== Source data ==

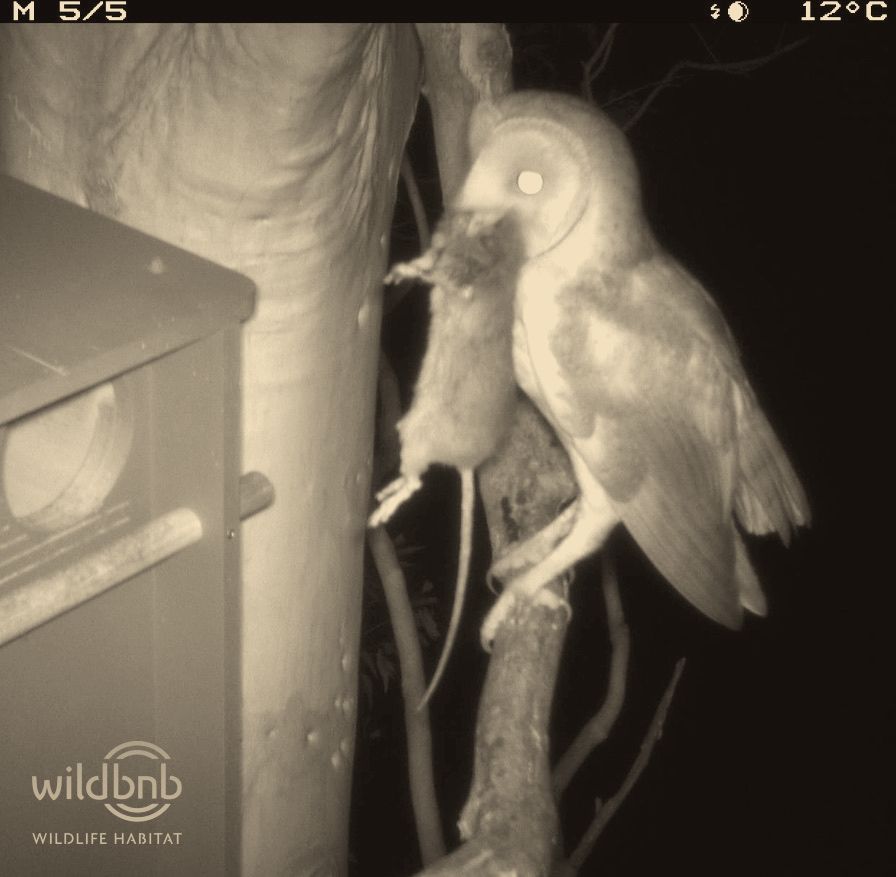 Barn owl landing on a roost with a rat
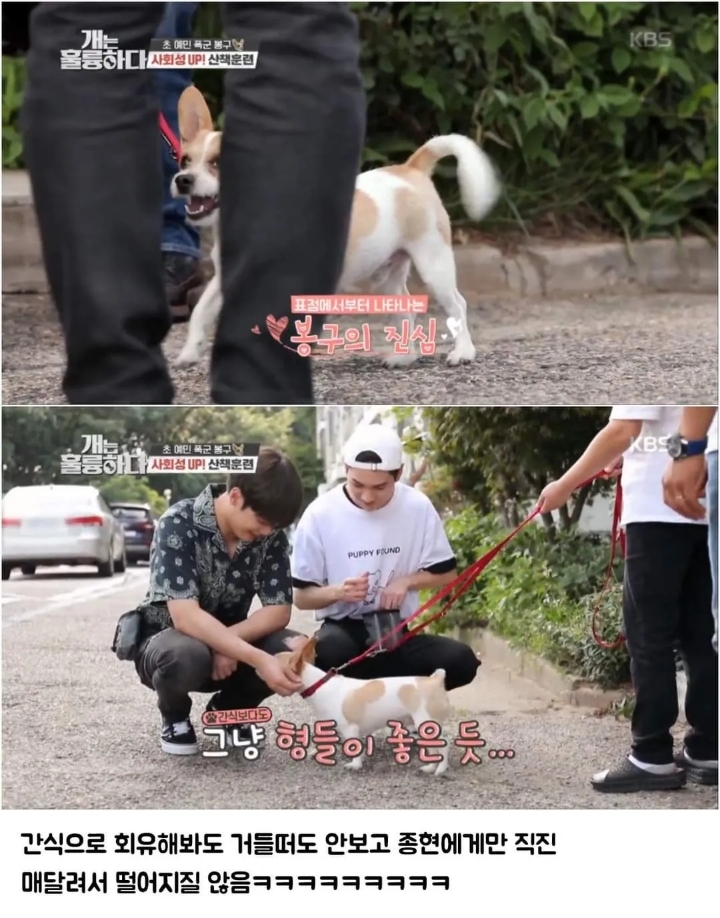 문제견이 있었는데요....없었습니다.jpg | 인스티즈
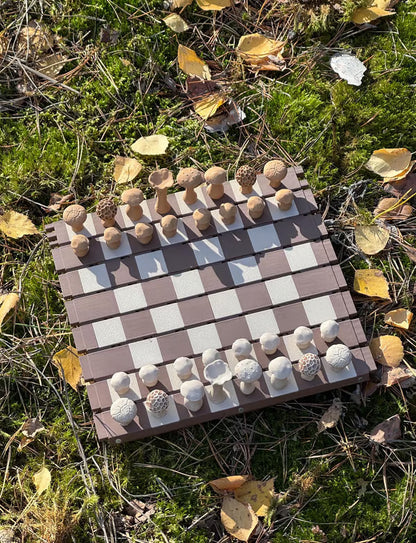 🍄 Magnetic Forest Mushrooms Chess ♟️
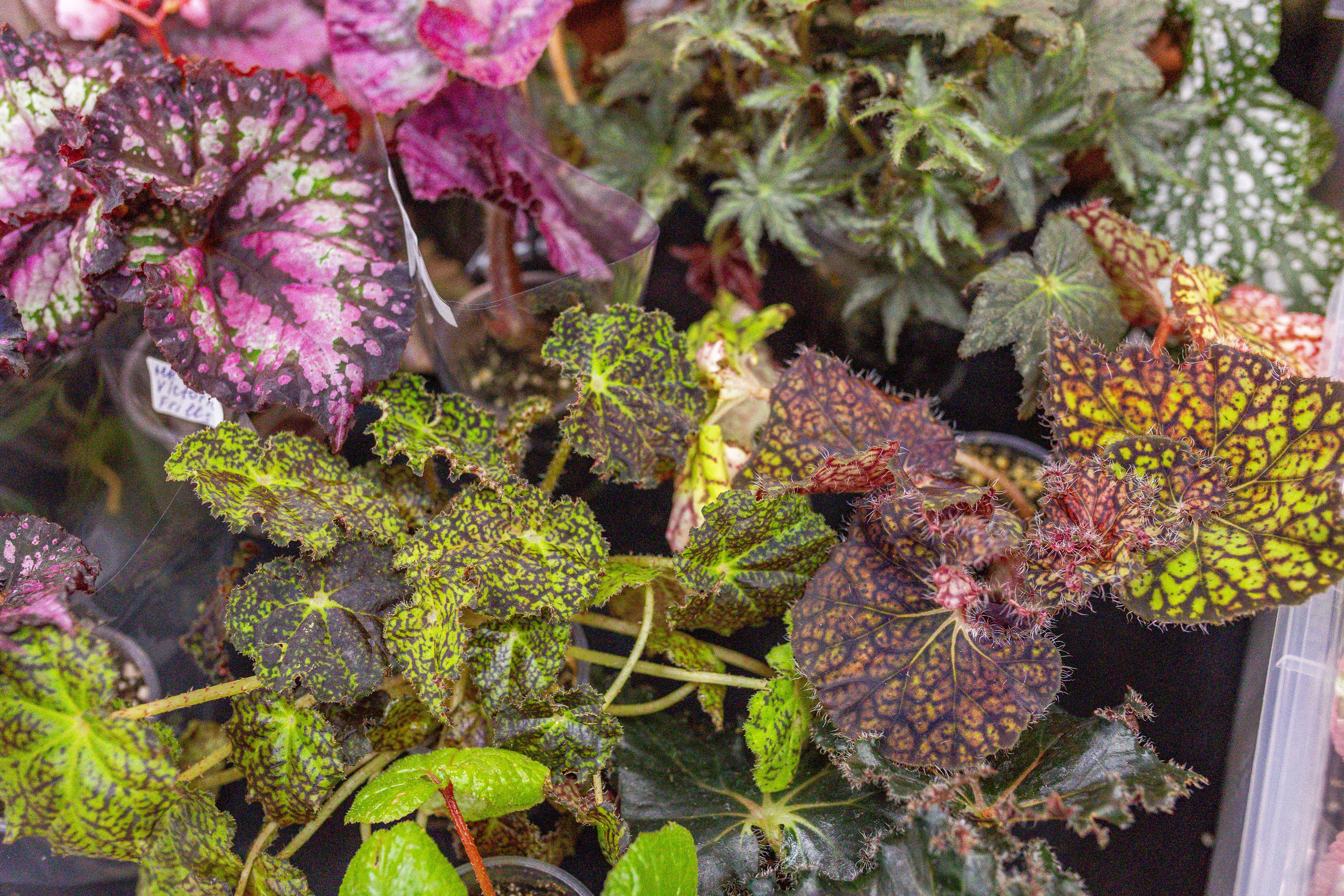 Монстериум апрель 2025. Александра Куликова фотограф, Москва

===
== Source data ==

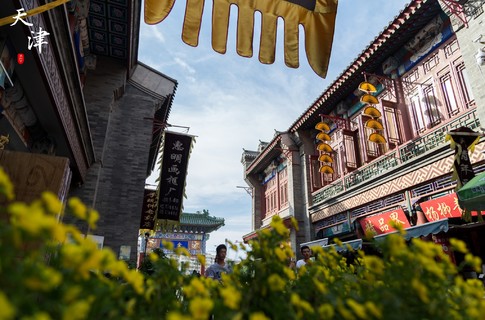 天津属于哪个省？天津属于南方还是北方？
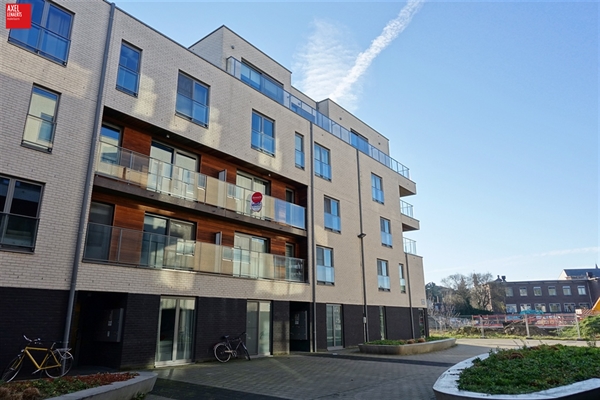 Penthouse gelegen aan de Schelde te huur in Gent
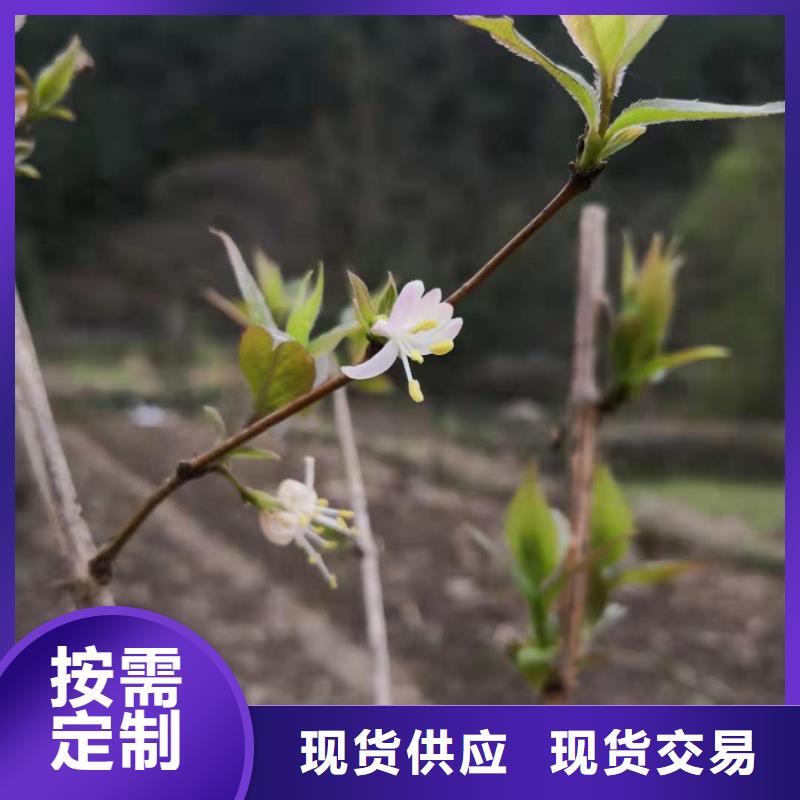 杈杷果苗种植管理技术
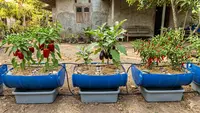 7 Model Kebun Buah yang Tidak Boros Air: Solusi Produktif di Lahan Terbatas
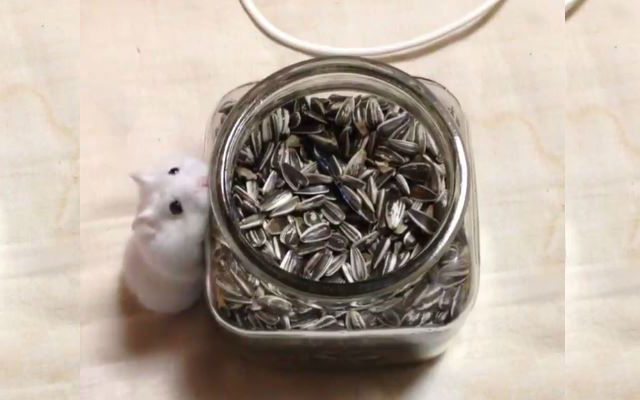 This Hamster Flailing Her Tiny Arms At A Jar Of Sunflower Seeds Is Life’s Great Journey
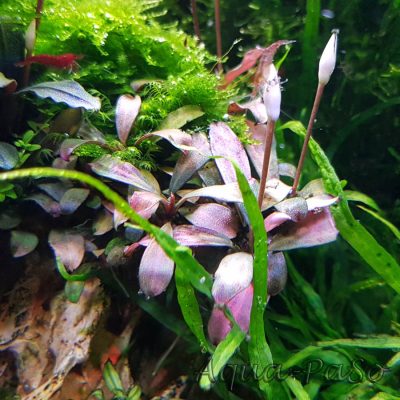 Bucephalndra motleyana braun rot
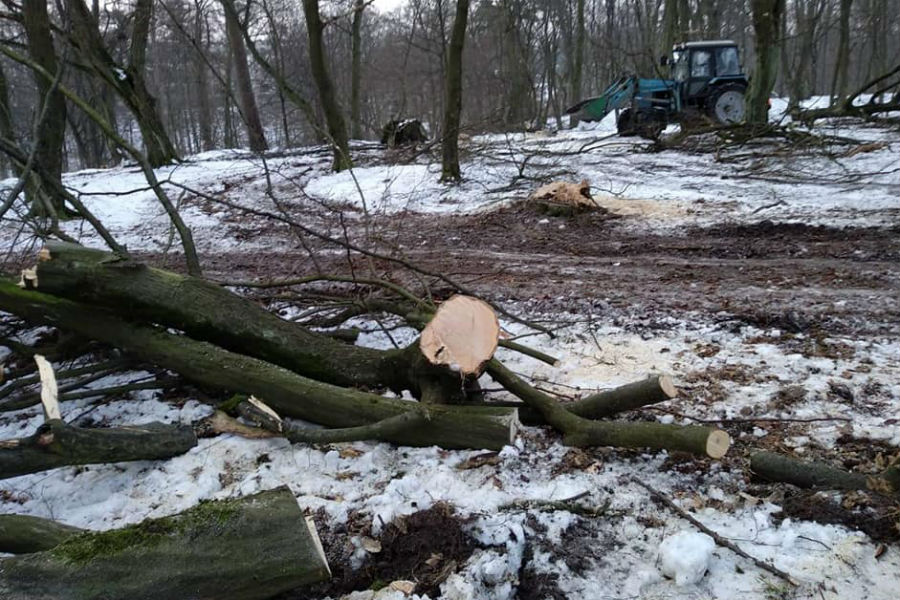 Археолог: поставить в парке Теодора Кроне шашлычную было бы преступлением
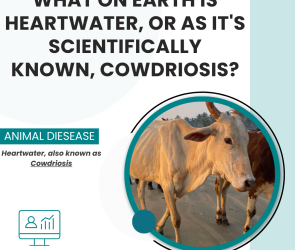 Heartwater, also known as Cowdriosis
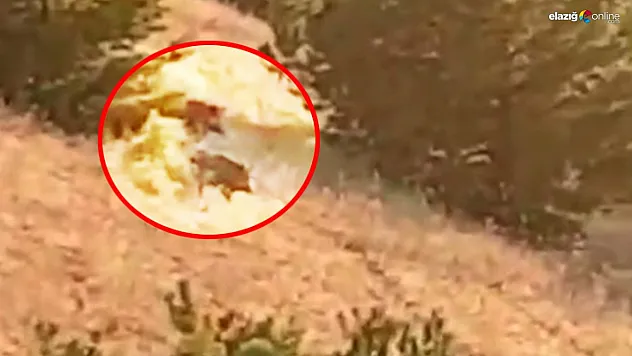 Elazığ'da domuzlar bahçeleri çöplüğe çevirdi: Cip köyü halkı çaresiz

===

* **Task requirements**:
An exact transcription is needed of the lines from the one with "Barn owl landing on a roost with a rat" to the one with "Монстериум апрель 2025." above, both ends included, with pictures left out.

* **Answer to this problem**:
 Barn owl landing on a roost with a rat
 문제견이 있었는데요....없었습니다.jpg | 인스티즈
 🍄 Magnetic Forest Mushrooms Chess ♟️
 Монстериум апрель 2025. Александра Куликова фотограф, Москва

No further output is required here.